* REQUIRED WORK: After finding the line containing "One of the stars" below, please output that line and each following one through the line containing "In this tutorial", exactly as written.

** Opening INPUT MATERIAL block **

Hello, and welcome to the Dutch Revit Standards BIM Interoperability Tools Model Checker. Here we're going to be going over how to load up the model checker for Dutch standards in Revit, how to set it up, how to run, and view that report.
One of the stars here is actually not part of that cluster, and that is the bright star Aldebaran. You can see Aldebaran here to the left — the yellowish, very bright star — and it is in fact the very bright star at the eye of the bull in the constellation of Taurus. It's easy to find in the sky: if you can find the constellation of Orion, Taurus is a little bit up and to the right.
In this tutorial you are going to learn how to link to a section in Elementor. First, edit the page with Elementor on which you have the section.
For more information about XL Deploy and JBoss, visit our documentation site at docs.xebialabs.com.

** Closing INPUT MATERIAL block **
** Opening INPUT MATERIAL block **

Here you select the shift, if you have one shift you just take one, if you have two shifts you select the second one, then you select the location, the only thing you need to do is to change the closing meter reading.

** Closing INPUT MATERIAL block **

* RESULT OF THIS EXERCISE:
One of the stars here is actually not part of that cluster, and that is the bright star Aldebaran. You can see Aldebaran here to the left — the yellowish, very bright star — and it is in fact the very bright star at the eye of the bull in the constellation of Taurus. It's easy to find in the sky: if you can find the constellation of Orion, Taurus is a little bit up and to the right.
In this tutorial you are going to learn how to link to a section in Elementor. First, edit the page with Elementor on which you have the section.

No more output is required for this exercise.